Zum Abschluss der Tour führt der Weg an der Brandalm vorbei, hinter der das Dachstein-Massiv eine imposante Kulisse bildet und vor der Dutzende E-Bikes stehen. Sogar eine Ladestation wurde bei der Hütte errichtet. Das Angebot richtet sich nach dem Bedarf. Und da hat sich in der Region einiges geändert. Schladming und die Nachbargemeinden setzten schon früh auf die Mountainbiker und haben jetzt auch im Sommer eine gute Auslastung auf den Bergbahnen. Seit 21 Jahren findet hier die Alpen Tour Trophy statt. Im Juni 2019 waren zirka vierhundert Mountainbiker aus dreißig Nationen bei dem Rennen über vier Etappen am Start. Die Ausgabe 2020 wurde wegen Corona auf 2021 verschoben.
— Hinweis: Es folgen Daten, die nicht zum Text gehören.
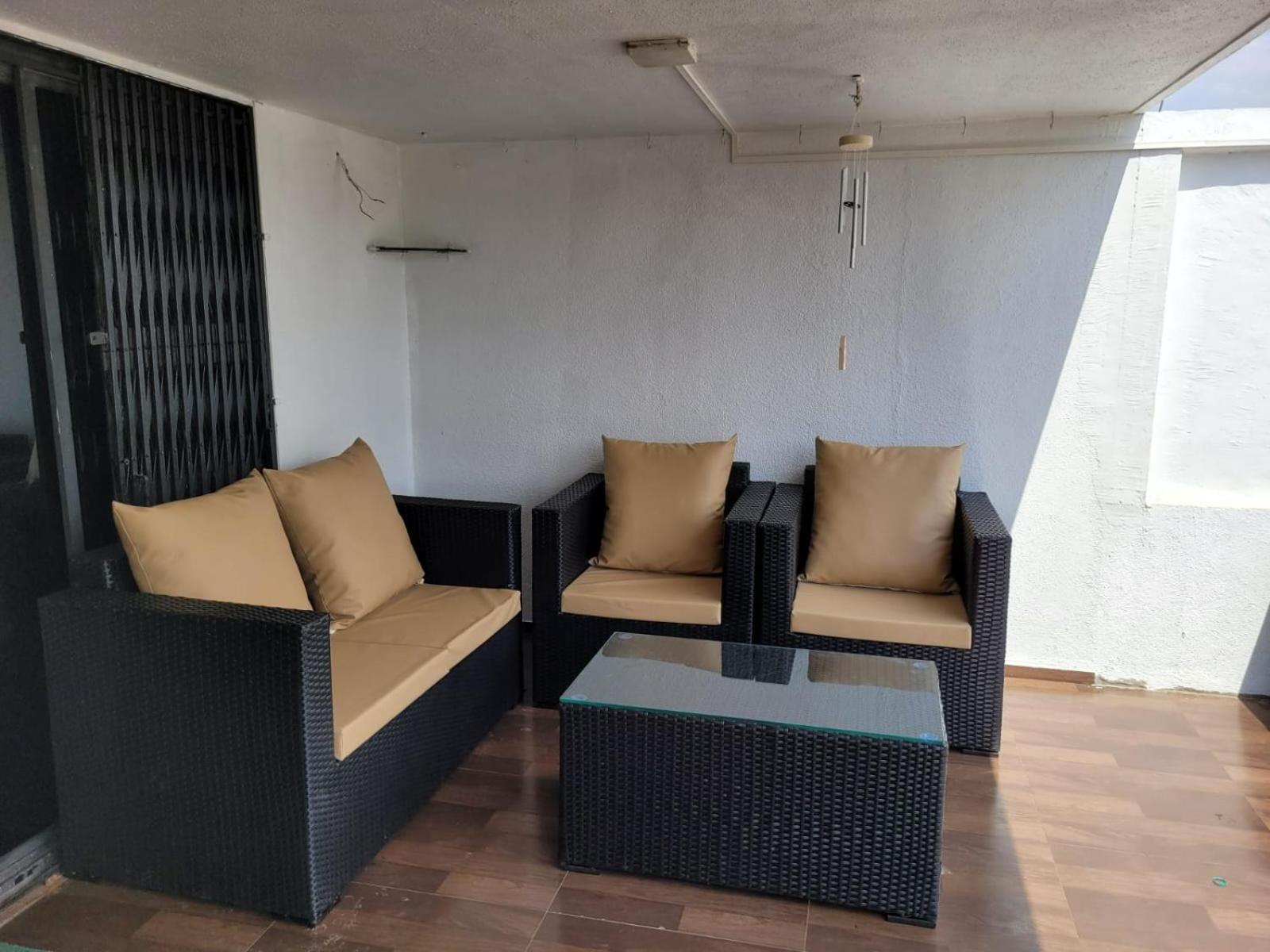 Zingo Valley 2BHK view 5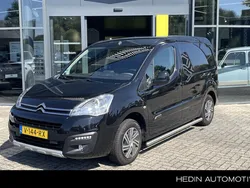 Zwart Gebruikt 2018 Citroën Berlingo Business Class MPV | € 8.900 (Eerlijke prijs)
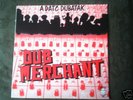 DREAD AT THE CONTROLS-DUB MERCHANT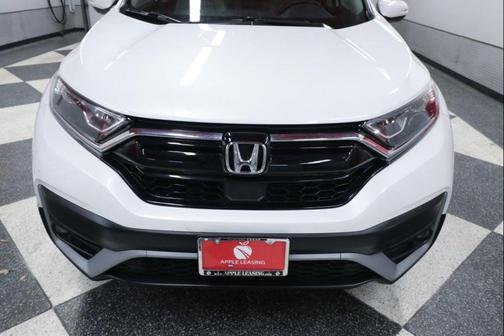 2022 Honda CR-V 2WD EX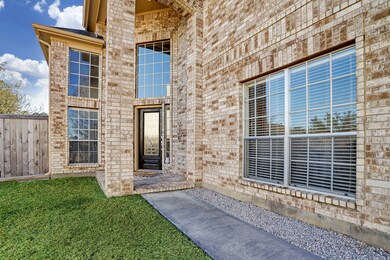 13627 Country Hill Ct, Tomball, TX 77375 - photo 3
Bike-Guide Heinz Sieder war lange Zeit Streckenchef des Bewerbs und kennt also jede Kehre, jeden Trail und jeden Anstieg auf den umliegenden Bergen auswendig. Auch er fährt auf einem E-Bike. Das unglaubliche Potenzial, das die Elektro-Fahrräder bieten, wurde erkannt und wird immer mehr genützt, meint Heinz. Natürlich steige aber auch die Zahl der Unfälle. Ungeübte Biker kommen jetzt auf Strecken, die sie wohl mit Muskelkraft nicht erreicht hätten.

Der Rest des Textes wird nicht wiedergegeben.